> [EXERCISE PROMPT]
Every line from the first record below down to the line that includes "Poltrona Charles Eames" must be reproduced exactly; the pictures are not.

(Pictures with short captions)
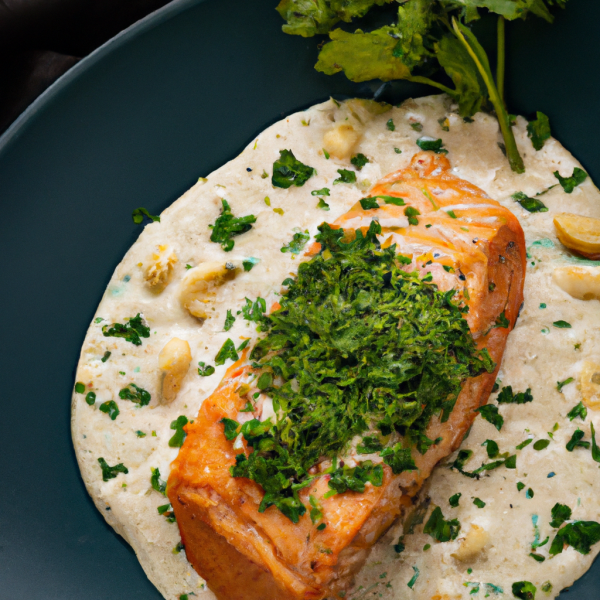 Grilled Salmon with Garlic Sauce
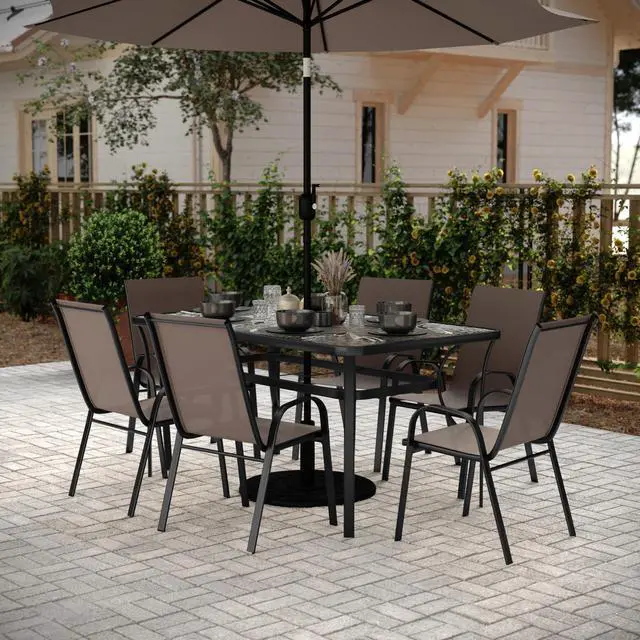 Alt view image 3 of 7 - Flash Furniture Brazos Commercial Outdoor Dining Set, 60" Tempered Glass Patio Table with Umbrella Hole, 6 Stack Chairs with Flex Comfort Seats and Backs, Brown/Black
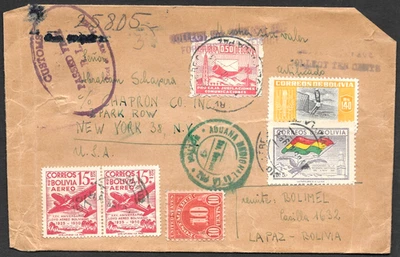 Bolivia Registered Airmail Cover to USA, Customs Marking, Postage Due Stamp 1950 - Image 1 of 2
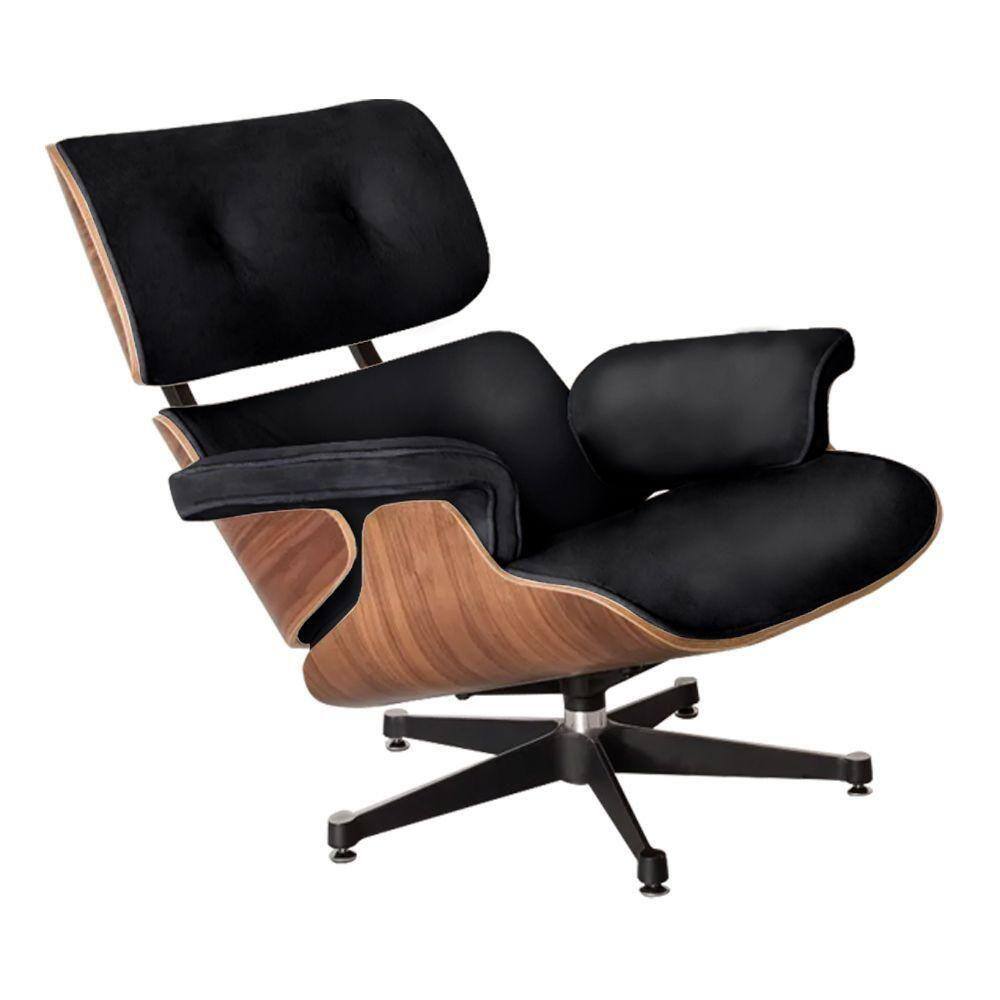 Poltrona Charles Eames Sem Puff Couro Natural Preto Cor Preto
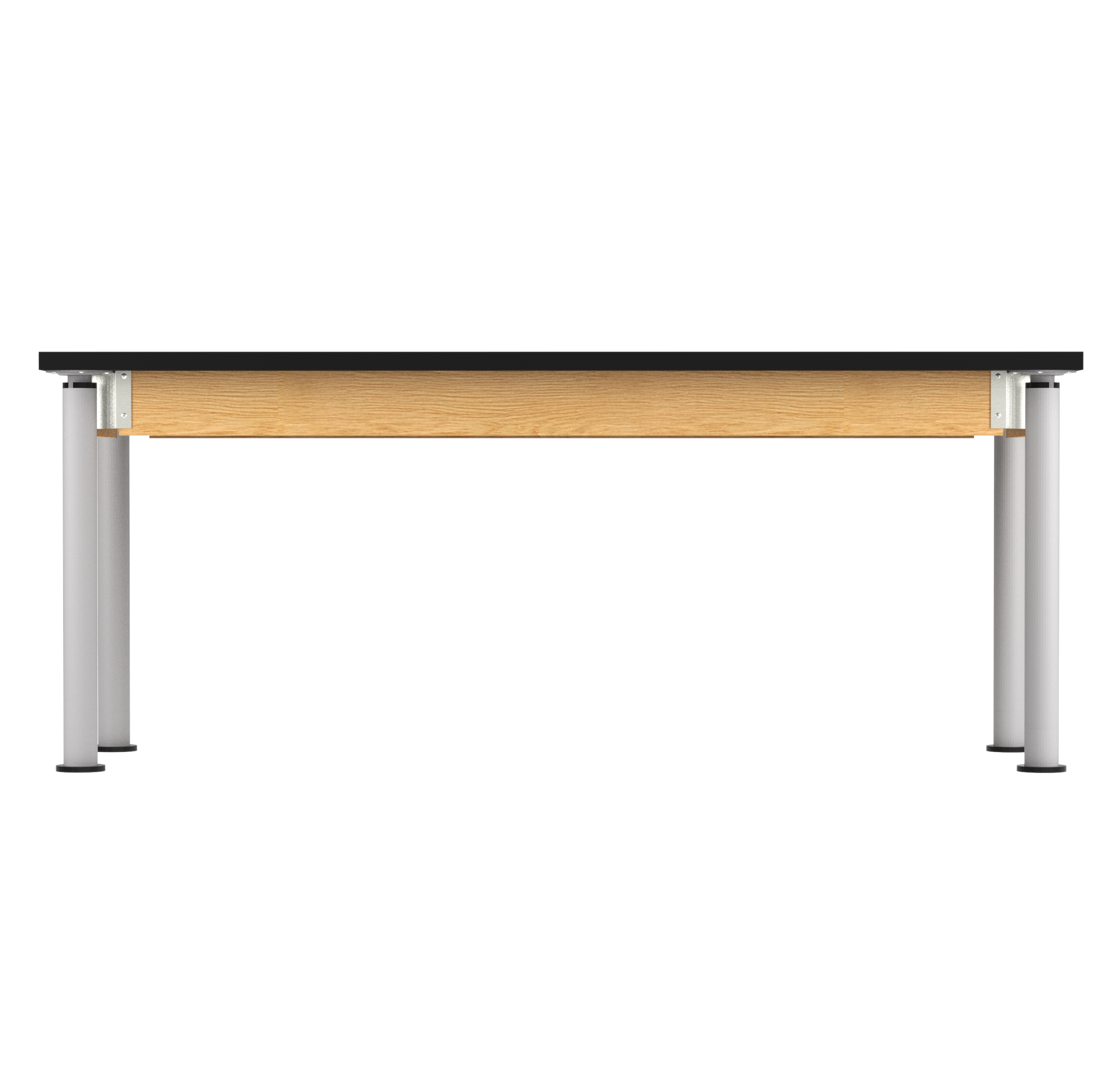 Uplift! Adjustable Height Table with Wood Apron - Red Oak, ChemGuard w/3mm Edge, 72"W x 24"D x 26-1/2 - 41"H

> [WRITTEN SOLUTION]
 Grilled Salmon with Garlic Sauce
 Alt view image 3 of 7 - Flash Furniture Brazos Commercial Outdoor Dining Set, 60" Tempered Glass Patio Table with Umbrella Hole, 6 Stack Chairs with Flex Comfort Seats and Backs, Brown/Black
 Bolivia Registered Airmail Cover to USA, Customs Marking, Postage Due Stamp 1950 - Image 1 of 2
 Poltrona Charles Eames Sem Puff Couro Natural Preto Cor Preto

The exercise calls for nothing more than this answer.